Chapter 8 #2

“You had plenty of chances to talk, Xavier. Plenty of chances to tell me the damn truth. Every time I asked what was wrong. Every time you came home late and wouldn’t look me in the eye. Every time you let me apologize for things that were never my fault.”

I take a slow step closer, my gaze never leaving his.

“You didn’t talk then. You lied. You let me question my own sanity while you protected that lie like it was worth more than I was—all while playing the perfect husband.

” My voice drops, colder now. “So forgive me if I’m not interested in a nice, honest conversation now.

You lost that privilege the second you decided a lie was worth more than me. ”

I nod toward the gloves in his hands.

“Now here’s what’s going to happen. You’re going to put those on… and you’re going to stop hiding behind words you didn’t have the courage to say when they mattered.”

My gaze hardens.

“Act like the damn man I thought you were, Navarro.”

He blanches at the name. We both know I never use it unless I mean to remind him exactly who he is to me now—no one.

The space between us hums with the electric charge of everything left unsaid.
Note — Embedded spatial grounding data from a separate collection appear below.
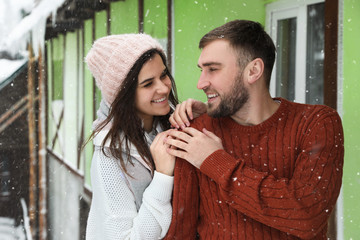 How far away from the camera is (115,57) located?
1114mm

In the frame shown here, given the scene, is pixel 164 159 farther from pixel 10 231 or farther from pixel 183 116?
pixel 10 231

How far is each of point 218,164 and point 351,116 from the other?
894 mm

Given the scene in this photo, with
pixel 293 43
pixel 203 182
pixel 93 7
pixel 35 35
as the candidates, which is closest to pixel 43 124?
pixel 35 35

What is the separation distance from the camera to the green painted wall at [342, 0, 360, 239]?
150cm

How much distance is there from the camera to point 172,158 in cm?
103

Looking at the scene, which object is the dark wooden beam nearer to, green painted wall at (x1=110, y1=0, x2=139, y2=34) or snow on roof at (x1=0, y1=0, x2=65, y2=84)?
green painted wall at (x1=110, y1=0, x2=139, y2=34)

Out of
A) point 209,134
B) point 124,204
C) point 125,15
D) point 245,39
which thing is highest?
point 125,15

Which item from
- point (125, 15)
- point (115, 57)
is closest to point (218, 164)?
point (115, 57)

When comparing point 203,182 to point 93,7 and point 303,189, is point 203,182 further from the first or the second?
point 93,7

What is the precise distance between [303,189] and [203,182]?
28 cm

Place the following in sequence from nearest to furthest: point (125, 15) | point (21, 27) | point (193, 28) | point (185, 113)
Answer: point (185, 113), point (193, 28), point (125, 15), point (21, 27)

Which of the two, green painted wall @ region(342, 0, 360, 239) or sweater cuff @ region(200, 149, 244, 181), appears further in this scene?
green painted wall @ region(342, 0, 360, 239)

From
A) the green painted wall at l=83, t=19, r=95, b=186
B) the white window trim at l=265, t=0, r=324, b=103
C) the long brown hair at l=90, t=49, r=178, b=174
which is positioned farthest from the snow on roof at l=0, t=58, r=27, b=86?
the long brown hair at l=90, t=49, r=178, b=174

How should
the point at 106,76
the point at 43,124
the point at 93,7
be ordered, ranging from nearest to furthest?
1. the point at 106,76
2. the point at 93,7
3. the point at 43,124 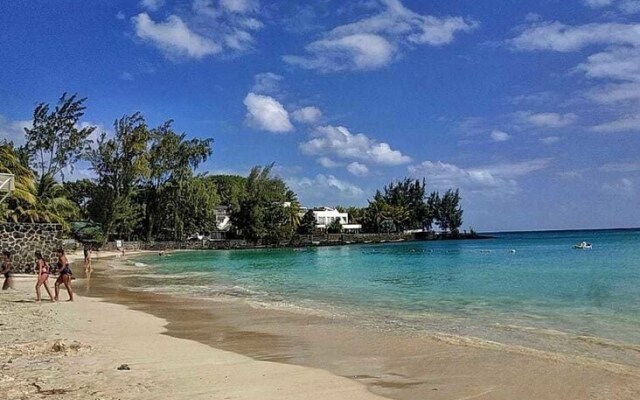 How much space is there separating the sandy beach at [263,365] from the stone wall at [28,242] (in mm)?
11407

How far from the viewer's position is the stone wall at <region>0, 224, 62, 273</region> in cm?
2369

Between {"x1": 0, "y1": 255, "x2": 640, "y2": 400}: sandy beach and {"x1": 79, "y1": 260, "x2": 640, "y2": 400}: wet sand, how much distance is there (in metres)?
0.02

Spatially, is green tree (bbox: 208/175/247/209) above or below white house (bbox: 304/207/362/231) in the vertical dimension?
above

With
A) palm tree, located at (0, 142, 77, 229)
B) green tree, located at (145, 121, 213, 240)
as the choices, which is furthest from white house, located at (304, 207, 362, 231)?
palm tree, located at (0, 142, 77, 229)

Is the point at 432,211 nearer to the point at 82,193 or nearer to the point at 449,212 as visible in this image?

Neither of us moves.

At long last, Xavier nods and shrugs off his tuxedo jacket.

He drapes it over the back of a chair, then slides each hand into the gloves.

His movements are slow, deliberate, as if he’s handling a loaded weapon that might misfire at any second.

The only sound is the soft scratch of leather against his shirt and our mingled breathing.

I turn on my heel and stride deeper into the house. Behind me, I hear him fall into step.

I lead him through the wide archway toward the lower level, a space we renovated years ago but rarely use. As I descend the steps into the basement gym, I flip on the lights. LED strips along the ceiling flood the room with an unforgiving white glow.

Our home gym stretches out before us, its walls gleaming with mirrors and polished glass. The far wall looks into the underground garage, where his car now sits; another reflects two figures stepping onto the training mats.

The familiar scent of worn leather, metal, and faint disinfectant hits me with a sharp rush of memory.

It carries me back to pain and triumph, to the long hours that made me who I was.

In one corner hangs a full-size heavy bag, with racks of weights and training gear lining the wall behind it.

On lacquered hardwood stands the boxing ring we built when we bought this villa.

My pulse stumbles at the sight of it. It always has.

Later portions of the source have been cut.